> _WORK REQUIRED_: Leave the pictures out and quote only the lines from the one with "日米独長期金利の推移（直近1年間）/日本国債イールドカーブの変化" down to the end of the listing below.

> _RAW DATA_:
+++
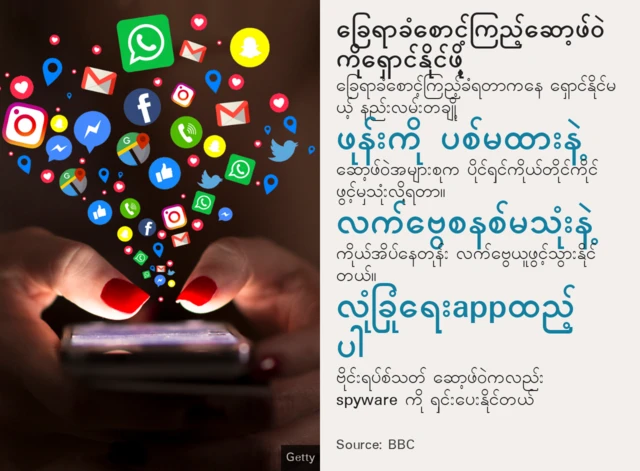 Stalkerware ရန်က ကာကွယ်နိုင်မယ့်နည်းလမ်းတွေ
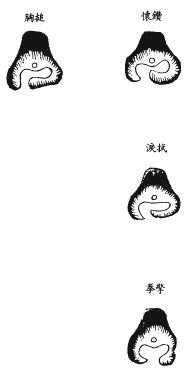 《地理啖蔗录》卷五 龙虎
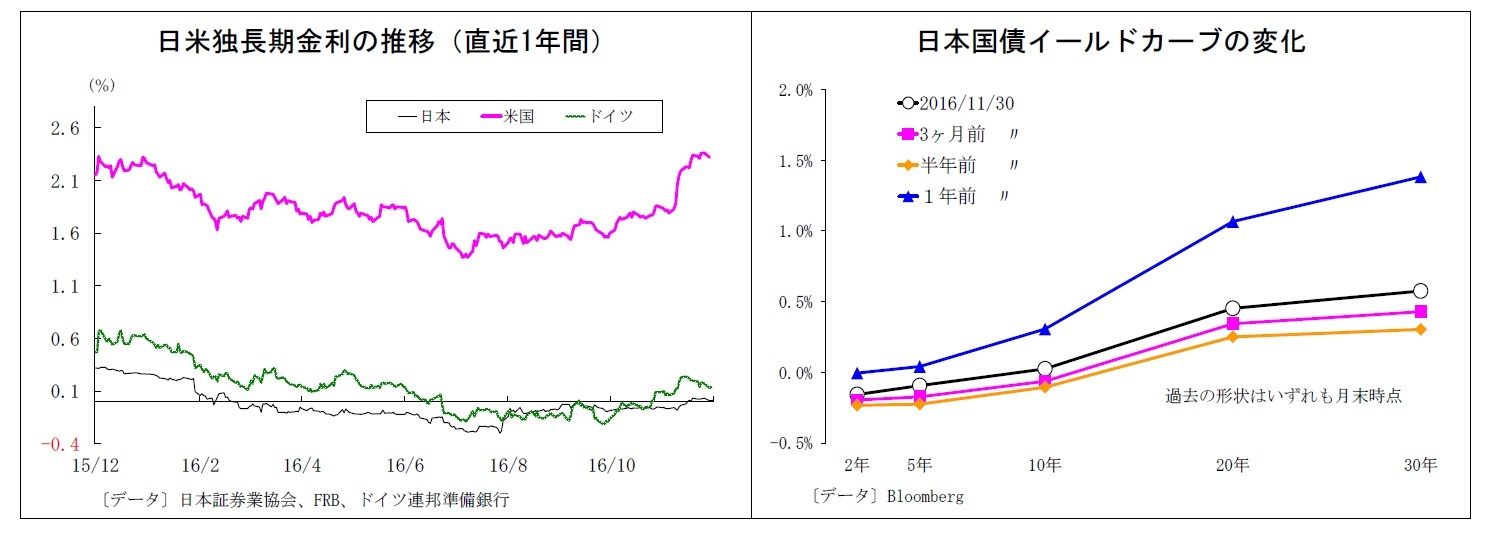 日米独長期金利の推移（直近1年間）/日本国債イールドカーブの変化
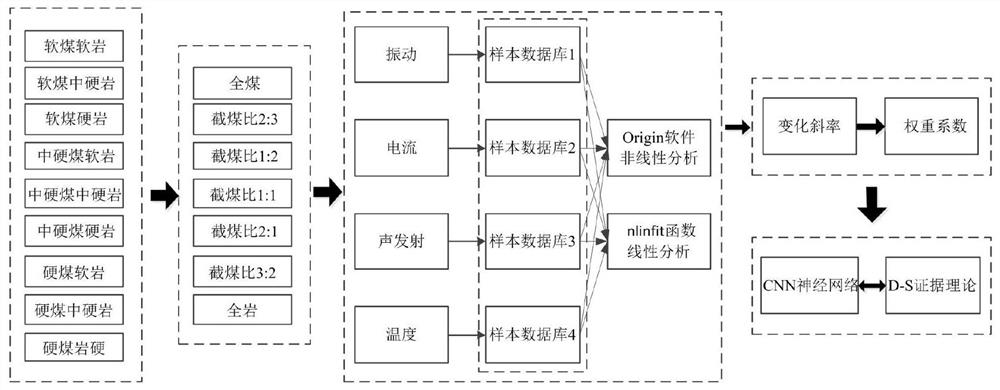 A preference recognition method for coal-rock interface fusion of multi-sensor information based on hardness characteristics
+++
> _ANSWER SPACE_:
 日米独長期金利の推移（直近1年間）/日本国債イールドカーブの変化
 A preference recognition method for coal-rock interface fusion of multi-sensor information based on hardness characteristics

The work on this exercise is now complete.